Azerbaijani lawyer, civil servant and former legislator

Ismayil Javanshir oghlu Garibli (İsmayıl Cavanşir oğlu Qəribli; born 1984) is an Azerbaijani lawyer, civil servant and university lecturer. He was a member of the Supreme Assembly of the Nakhchivan Autonomous Republic from 2020 to 2024, representing Yengija Constituency No. 4.

In 2026, the Ministry of Digital Development and Transport of the Nakhchivan Autonomous Republic listed Garibli as head of its Human Resources, Legal, Documents and Appeals Department. He also teaches law at Nakhchivan State University, where he is listed as a senior lecturer in the Department of Private Law.

== Early life and education ==

Garibli was born in 1984 in Axaməd, then part of Ilyich District in the Nakhchivan Autonomous Soviet Socialist Republic. The district is now known as Sharur District.

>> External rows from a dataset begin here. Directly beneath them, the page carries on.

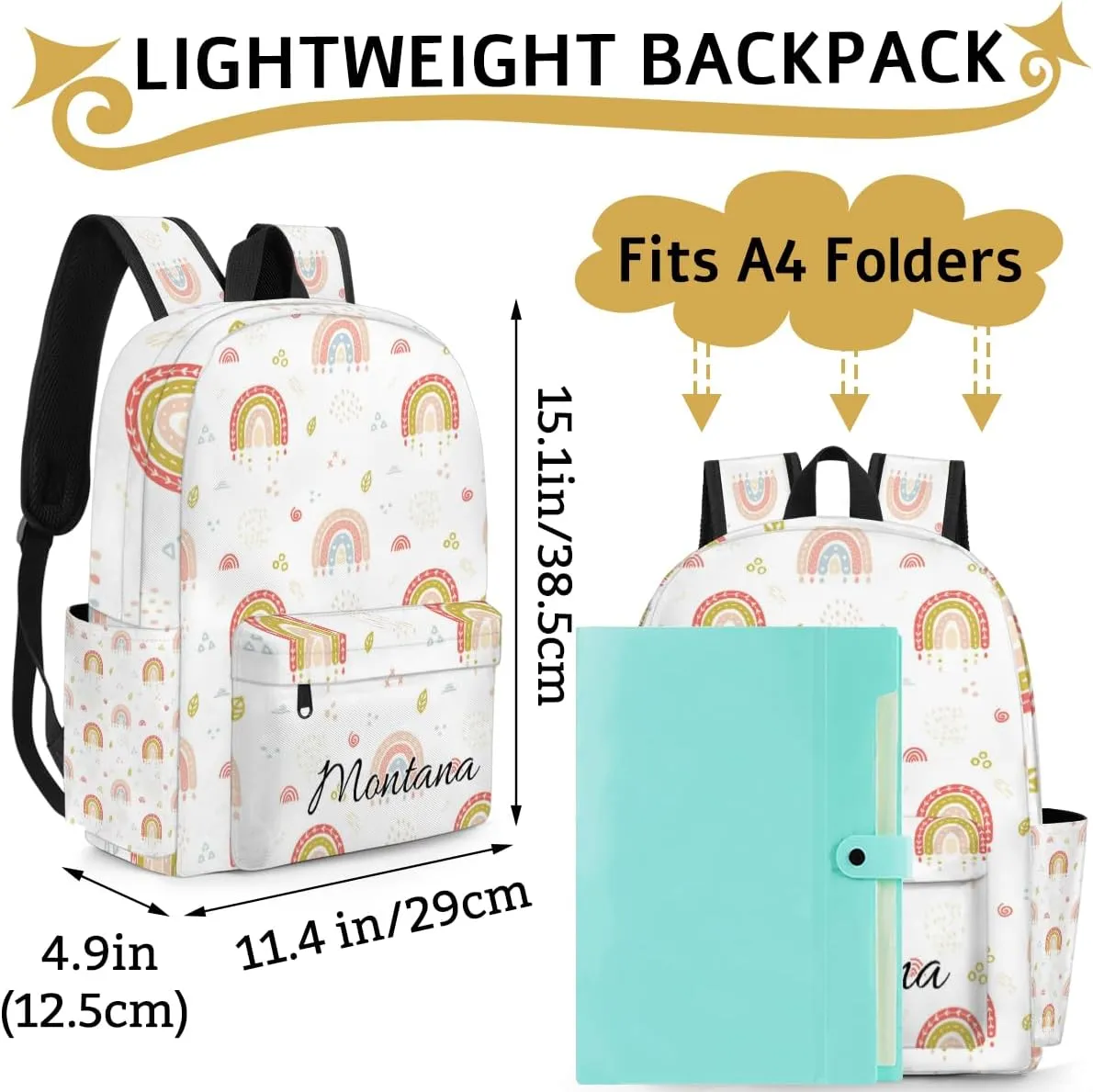 Personalized Girls Backpack for Preschool Elementary Kindergarten Book Bag, Toddler Daycare Travel Bag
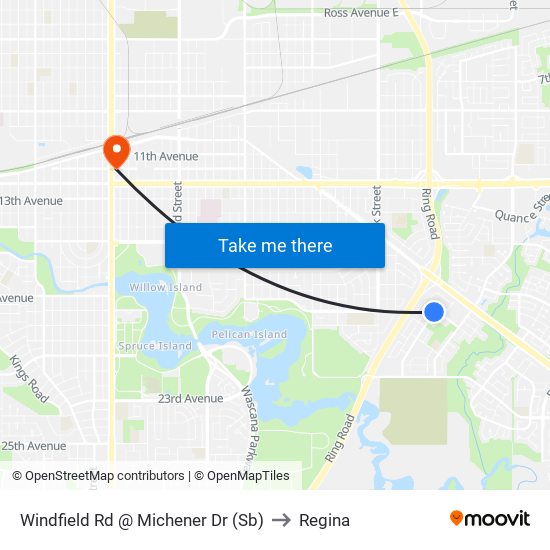 Windfield Rd @ Michener Dr (Sb) to Regina map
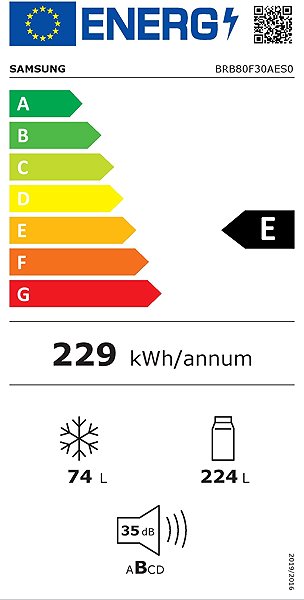 Built-in Fridge SAMSUNG BRB80F30AES0EO Energy label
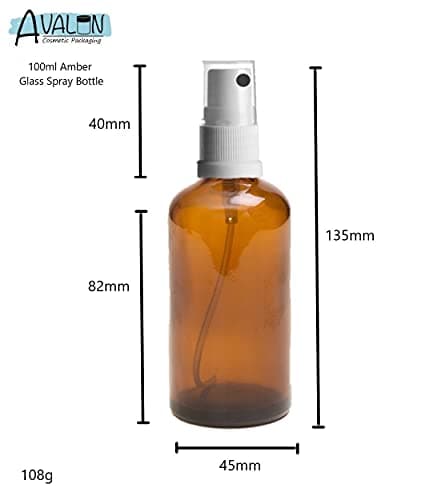 Avalon 100ml Amber Glass Bottles with White Atomiser Spray ~ Pack of 4 ~ Refillable, Reusable, and Travel Sized ~ Perfect for Aromatherapy, Perfumes, Essential Oils, Aftershaves, and More — view 3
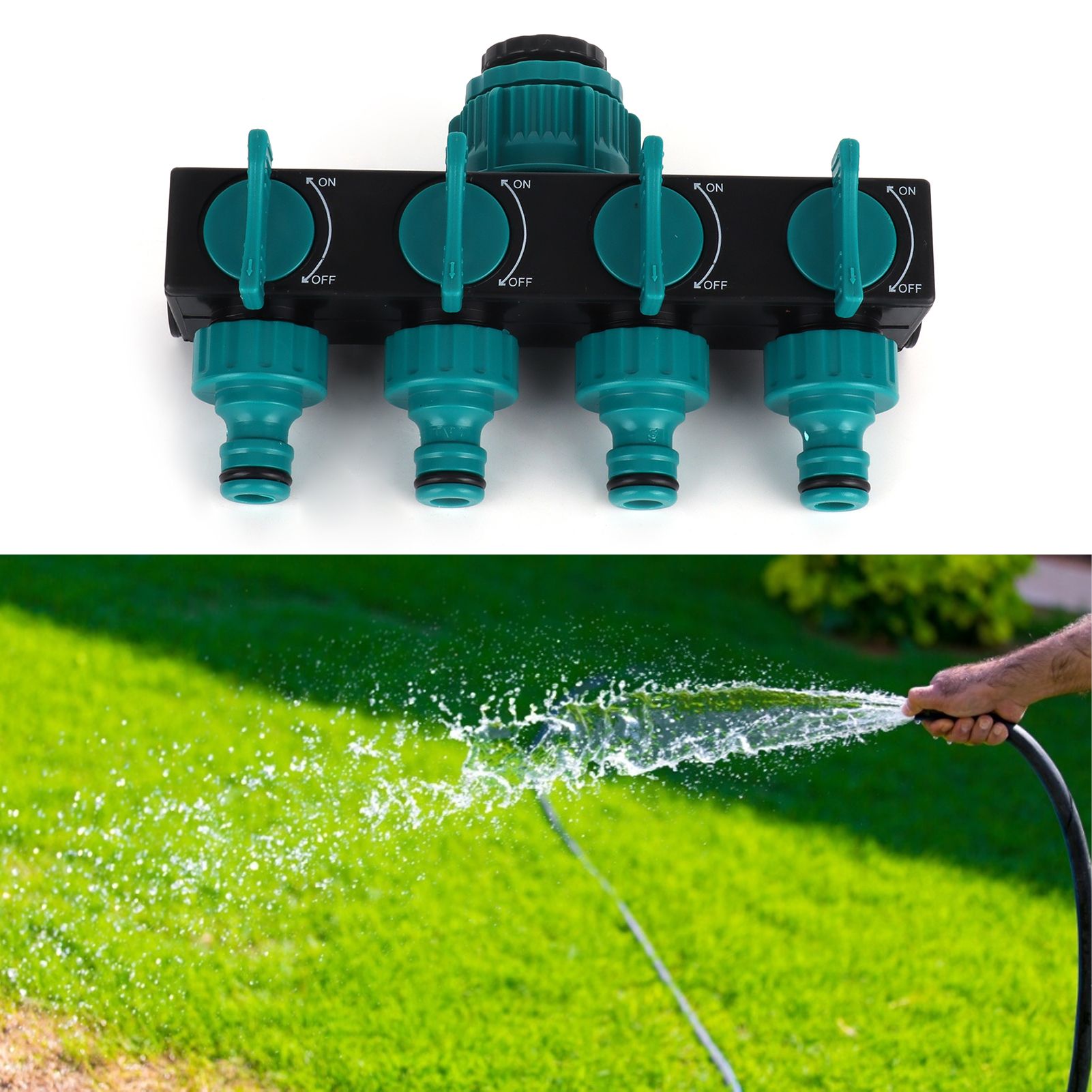 4 Way Hose Splitter Water Tap Hose Connectors Distributor for Garden view 12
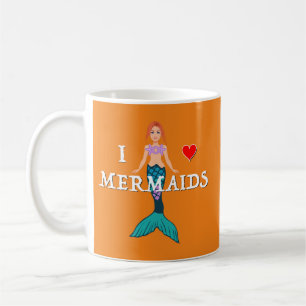 I Love Mermaids Design - Classic Mug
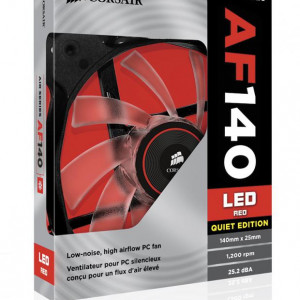 Cooler carcasa Corsair AF140 LED Red Quiet Edition High Airflow, 140x25mm, 3pin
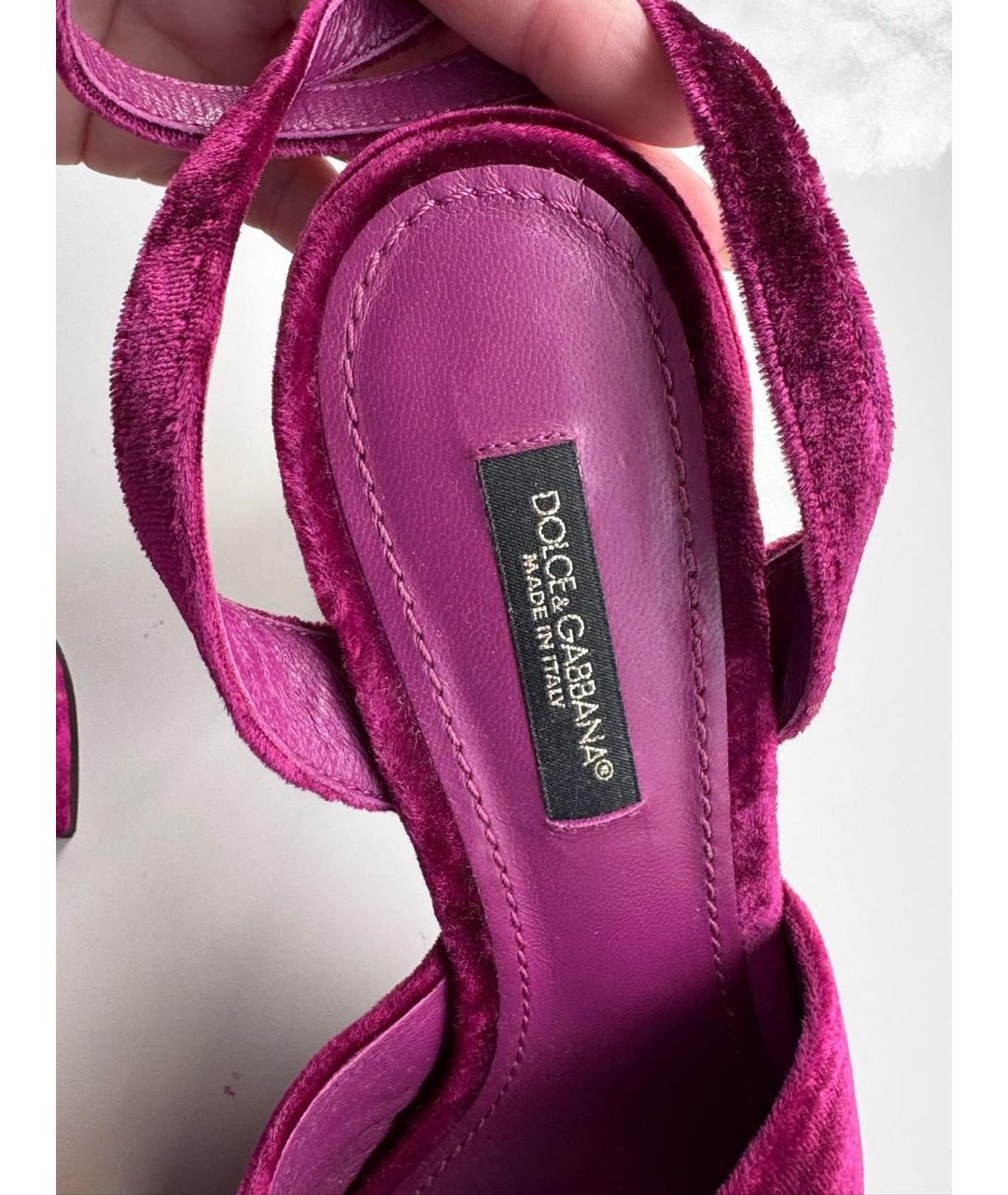 DOLCE&GABBANA Бордовые бархатные босоножки, фото 5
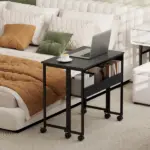 Folding Computer Desk, Foldable Desk with Storage Bag, Shelf and Wheels for Small Spaces, Home Office, Black - Image 8
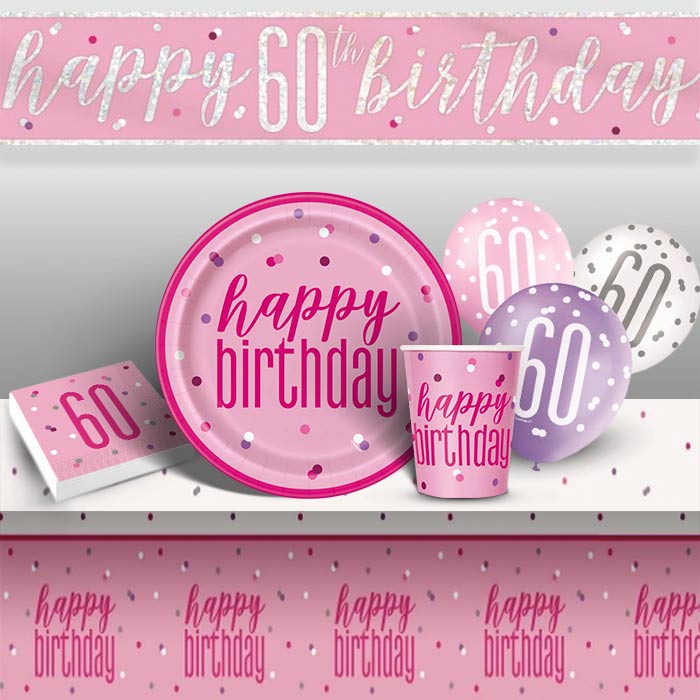 Pink and Silver 60th Birthday Decoration Pack: Party Kit | Party Save Smile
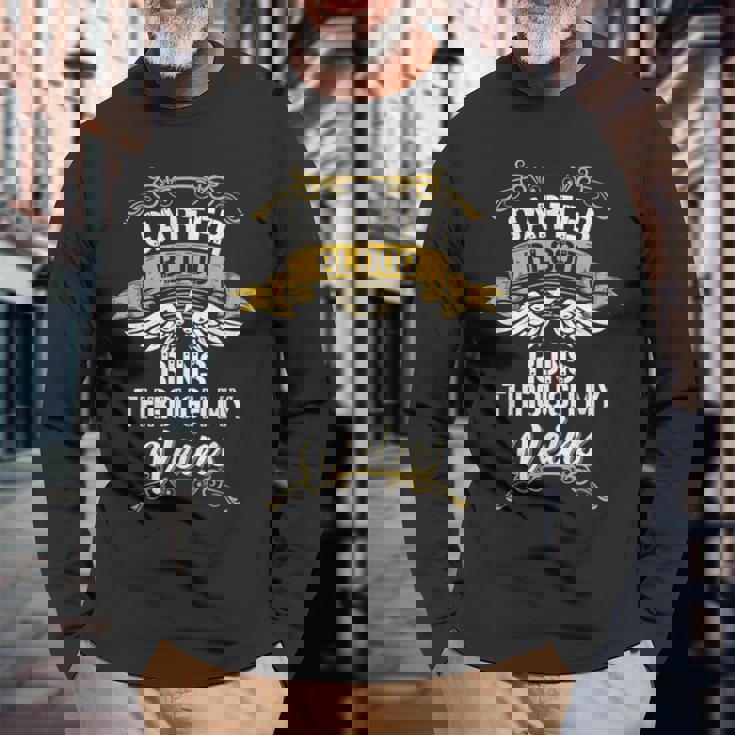 Carter Blood Runs Through My Veins Long Sleeve T-Shirt Gifts for Old Men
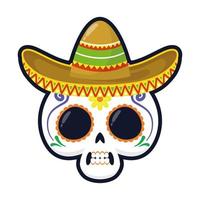 cabeça de caveira mexicana tradicional com chapéu mariachi estilo plano ícone ilustração vetorial design vetor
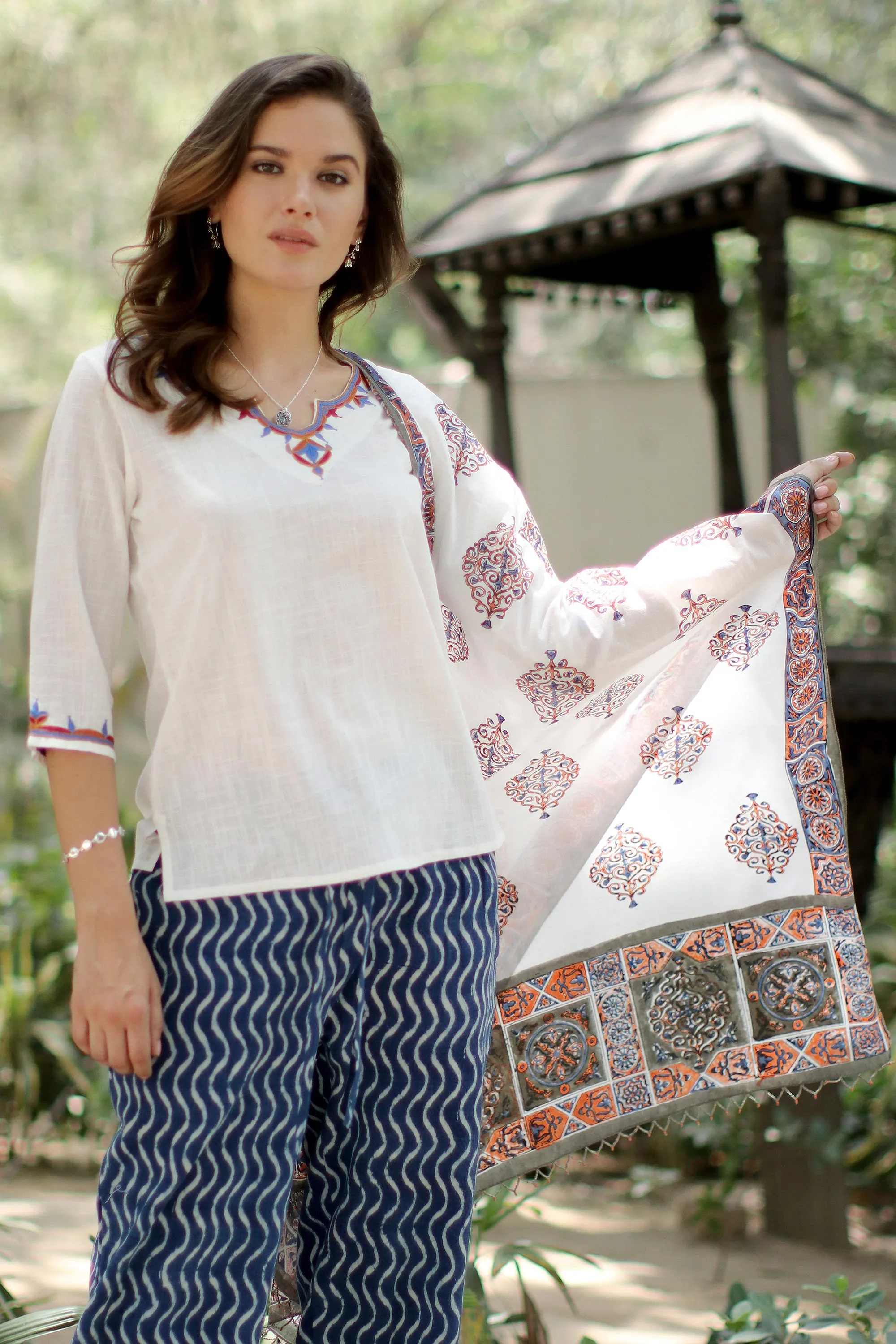 Block-Printed Cotton Shawl from India - Mughal Glory | NOVICA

He completed a bachelor's degree in law at Baku State University in 2005 and a master's degree in state law at Nakhchivan State University in 2009. In 2014, he completed a bachelor's degree in state and municipal administration at the Academy of Public Administration under the President of Azerbaijan.

== Career ==

Garibli began his public-sector career in 2007. He worked briefly as an assistant to the head of the Nakhchivan office of the Central Bank of Azerbaijan before joining the administration of the Supreme Assembly of the Nakhchivan Autonomous Republic. He later served there as an adviser and senior adviser.

In October 2015, Garibli was appointed chairman of the Civil Service Commission under the Chairman of the Supreme Assembly of the Nakhchivan Autonomous Republic. At the time of his appointment, APA reported that he had been serving as a senior adviser in the Supreme Assembly administration.

On 21 December 2020, he was appointed chairman of the State Examination Centre of the Nakhchivan Autonomous Republic. Nakhchivan State University lists his tenure in that position as lasting until 2023.

Garibli headed the Law Division of Nakhchivan State University from 2024 to 2025. In 2026, the Ministry of Digital Development and Transport of the Nakhchivan Autonomous Republic identified him as head of its Human Resources, Legal, Documents and Appeals Department.

== Political career ==

Garibli served in the sixth convocation of the Supreme Assembly of the Nakhchivan Autonomous Republic from 2020 to 2024. The official list of deputies identifies him as the representative for Yengija Constituency No. 4 and as representing the New Azerbaijan Party.

On 1 August 2023, Garibli was elected chairman of the Supreme Assembly's Legal Policy Committee when the composition of the assembly's committees was reorganised. He continued to chair the committee in 2024.

== Academic work ==

Garibli teaches civil procedural law at Nakhchivan State University. The university lists his research interests as civil law, civil procedural law, constitutional law and civil service.

== Honours ==

On 22 June 2019, Garibli was awarded the Medal "For Distinction in Civil Service" by order of the President of Azerbaijan.